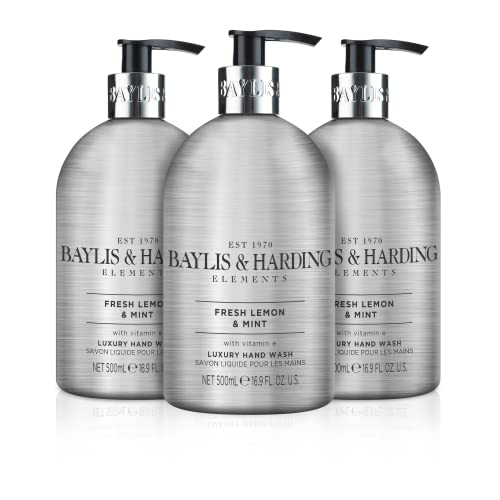 Baylis & Harding Elements Lemon & Mint Luxury Hand Wash, 500 ml (Pack of 3) - Vegan Friendly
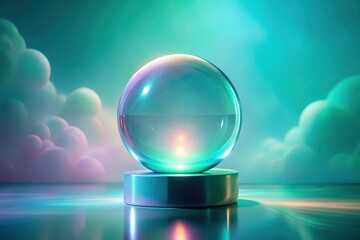 Wall Mural - a luminous orb rests on a polished platform, bathed in ethereal teal and rose light, a mesmerizing s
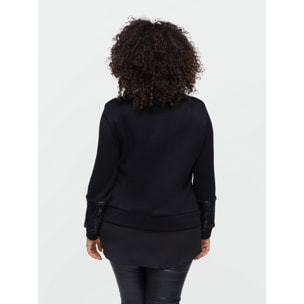 Fiorella Rubino - Sudadera con lentejuelas y aplicaciones de tejido - Negro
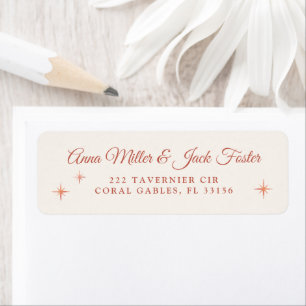 Terracotta Minimalist Simple Star Return Address Label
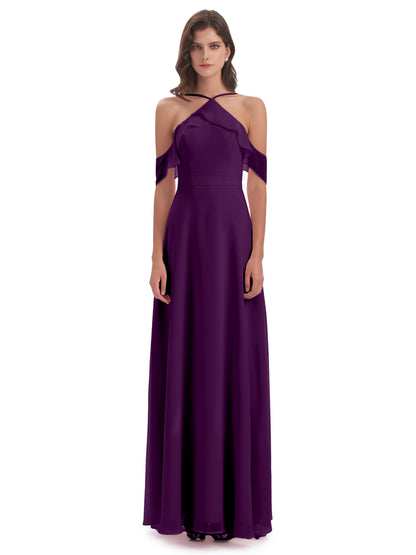 Lillian Sheath Off The Shoulder Chiffon Long Bridesmaid Dresses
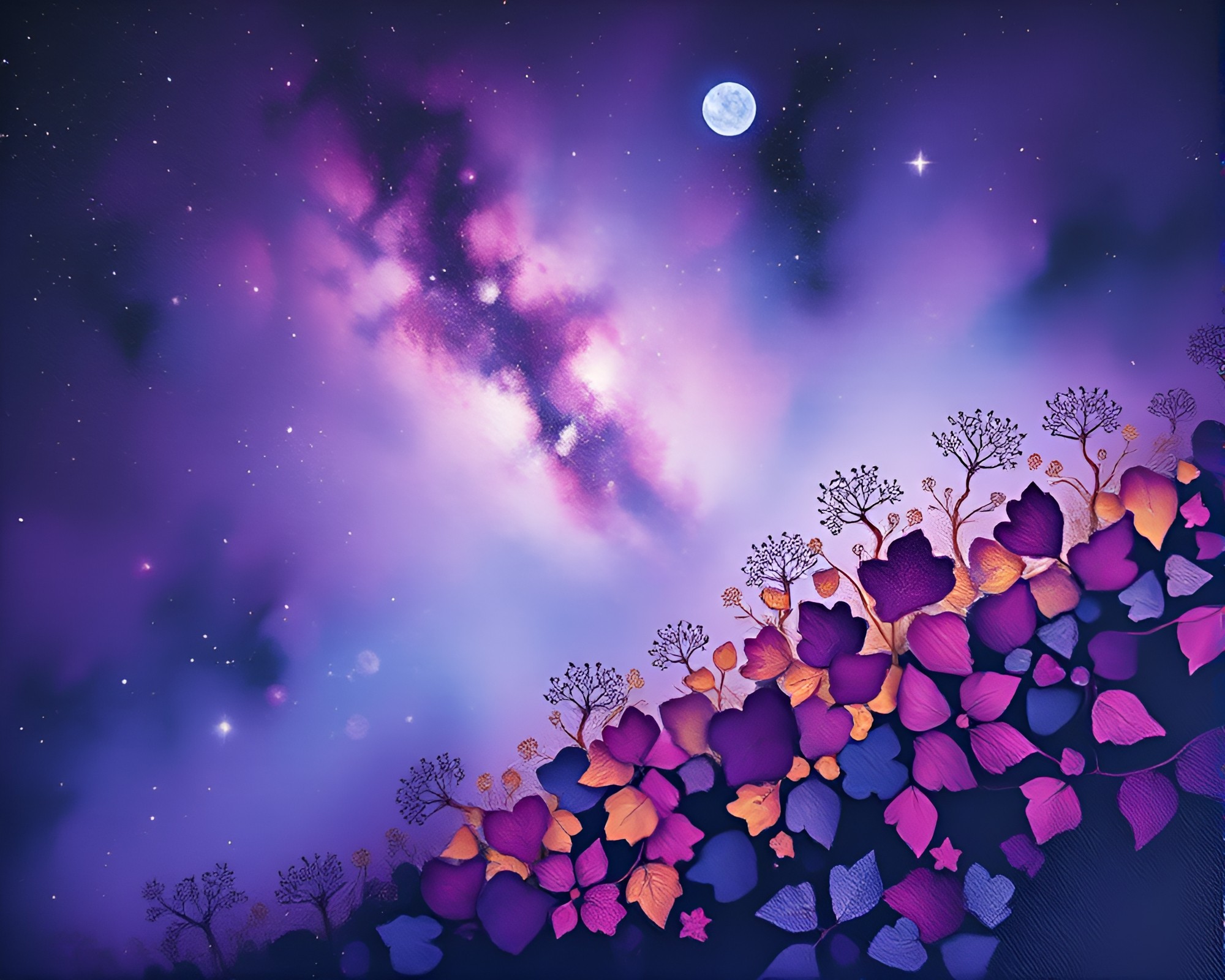 Lichen-textured celestial nebula in twilight hues – free AI stock image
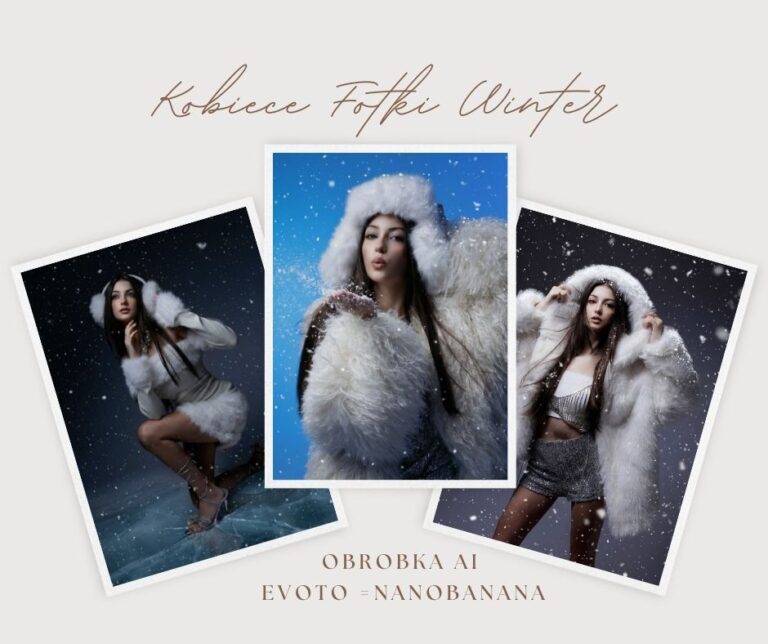 Obróbka fot zimowych kobiecych w Evoto i Nano Banana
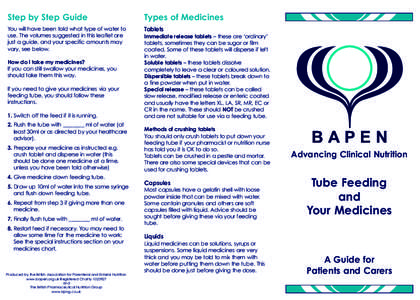 Step by Step Guide  Types of Medicines You will have been told what type of water to use. The volumes suggested in this leaflet are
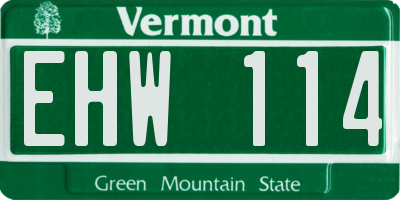 VT license plate EHW114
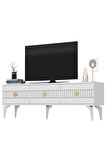 MİDASDH TV STAND (ALT MODÜL) BEYAZ-ALTIN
************
#### What the task asks
Write the lines from the one containing "Step by Step" through the end of the data above exactly as they appear, and do not carry over any picture.

#### Response to the task
 Step by Step Guide  Types of Medicines You will have been told what type of water to use. The volumes suggested in this leaflet are
 VT license plate EHW114
 MİDASDH TV STAND (ALT MODÜL) BEYAZ-ALTIN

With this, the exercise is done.